Discharge of Contract by Operation of Law, Breach & Lapse of Time

Discharge of Contract

Discharge of Contract – Operation of Law, Breach & Lapse of Time

Discharge of Contract by Operation of Law

The contract is discharged by the operation of law when a contract is discharged by the intervention of law. This can be done in any of the following ways:

1. Material Alteration

Material alteration means any alteration or change in the contract that affects the rights and liabilities of the parties to the contract significantly. Material alteration puts an end to the contract.

If one party without the consent of the other party makes such an alteration in the contract, the other party can avoid the contract. In such cases, the effect of alteration would be the same as that of cancellation of the document. However, an alteration which is not material or which is made to carry out the common intention of the parties, does not affect the validity of the contract.

2. Merger

It is an operation of law that extinguishes a right due to its coincidence with another greater right in the same person. On merger, the inferior rights are not required to be enforced.

3. Insolvency

The insolvent is neither allowed to deal with his property nor to pay any of his creditors. After a person is adjudicated as insolvent, all of his rights and liabilities are transferred to the Official Receiver or the Assignee, as the case maybe. When he is adjudged as insolvent, he is discharged from all liabilities incurred prior to his adjudication.

4. Death

In case of contracts, which involve personal skill or ability, the contract is discharged or terminated on the death of the promisor. However, in other contracts, the rights and liabilities of a deceased person shall pass on to the legal representatives of the deceased person.

Discharge of Contract by Breach of Contract

The breach of contract means the failure of a party to perform his obligations. Breach of contract discharges the aggrieved party from performing his obligations. It may arise in any one of the following forms:

1. Anticipatory Breach of Contract

Anticipatory breach of contract occurs, when a party repudiates it before the time fixed for performance has arrived or when a party by his own act disables himself from performing the contract. It is the premature destruction of the contract.

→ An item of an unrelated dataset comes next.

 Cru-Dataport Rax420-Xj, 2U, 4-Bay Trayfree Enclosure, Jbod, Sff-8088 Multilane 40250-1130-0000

2. Actual Breach of Contract

The actual breach of contract may take place:

  1. At the time when the performance is due, or
  2. During the performance of the contract.

1. Actual Breach of Contract at the Time when the Performance is Due

This type of breach of contract occurs when a person does not perform his part of the contract at the stipulated time. Here the person, who failed to perform his part, will be liable for its breach.

2. Breach during the Performance of the Contract

Actual breach of contract also occurs when during the performance of the contract one party fails or refuses to perform his obligation under the contract.

This refusal to perform the contract may be by

  1. Express repudiation by word or act or
  2. Implied repudiation by creating impossibility by the act of a party to the contract.

In both the cases, the party not in breach can treat the contract as no longer binding on him and sue for breach of contract.

Discharge of Contract by Lapse of Time

As per the provisions of the Limitation Act, 1963, a contract should be performed within a specified period. Such period is called period of limitation. The Limitation Act specified different limitation period for different kinds of contracts. If the contract is not performed and if the aggrieved party takes no action within the limitation period, he is deprived of his remedy at law.

In other words, after the expiry of the period, the Courts will not enforce the contract. Thus the contract is discharged because parties to the contract cannot enforce their respective obligation through the Courts of law.